__EXERCISE DATA__:
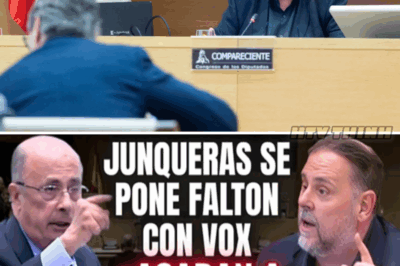 La Tensión Explotó Entre Junqueras y Vox: ¡Gritos, Acusaciones y Revelaciones Impactantes!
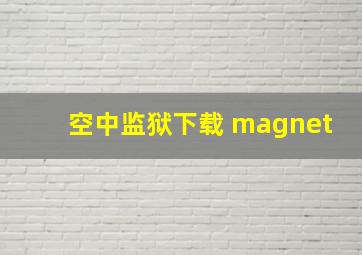 空中监狱下载 magnet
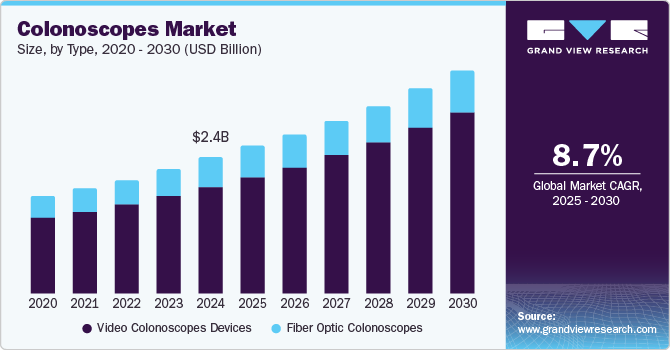 结肠镜市场（2025 - 2030）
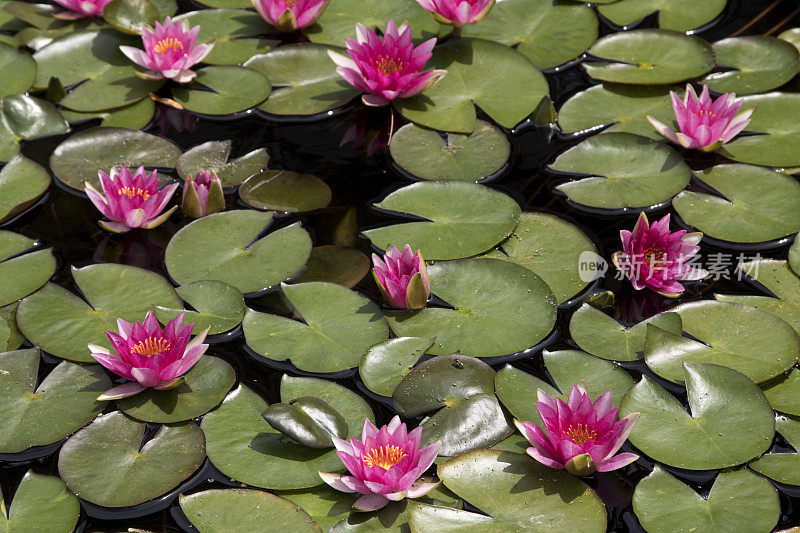 池塘中的睡莲以睡莲垫为背景，颜色饱和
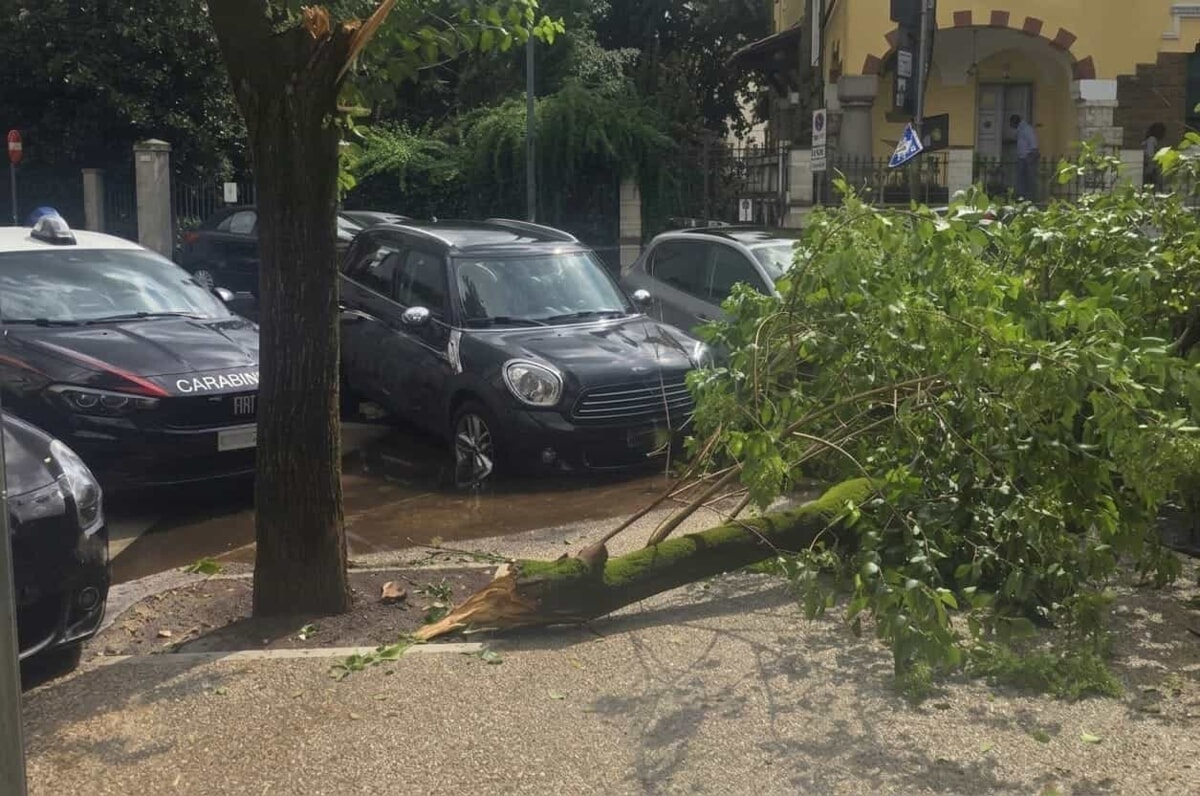 ramo caduto liceo avogadro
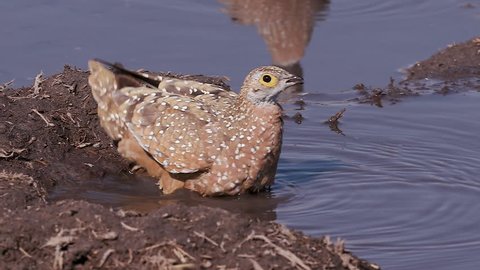 Slow motion ultra close-up of one Burchell's sandgrouse submerging its feathers, drinking and flying off from a rivers edge, Okavango Delta, Botswana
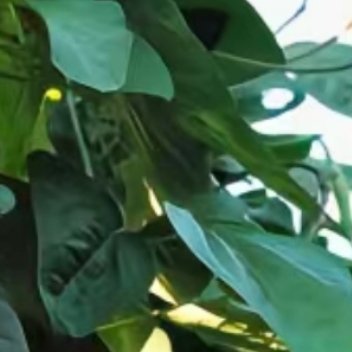 种植 💚微公益 豆角的种植方法简述如下：一、选地与整地：选择土层深厚、肥沃疏松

__EXERCISE DETAILS__:
Repeat the listing above exactly, with no pictures.

__WORKED SOLUTION__:
 La Tensión Explotó Entre Junqueras y Vox: ¡Gritos, Acusaciones y Revelaciones Impactantes!
 空中监狱下载 magnet
 结肠镜市场（2025 - 2030）
 池塘中的睡莲以睡莲垫为背景，颜色饱和
 ramo caduto liceo avogadro
 Slow motion ultra close-up of one Burchell's sandgrouse submerging its feathers, drinking and flying off from a rivers edge, Okavango Delta, Botswana
 种植 💚微公益 豆角的种植方法简述如下：一、选地与整地：选择土层深厚、肥沃疏松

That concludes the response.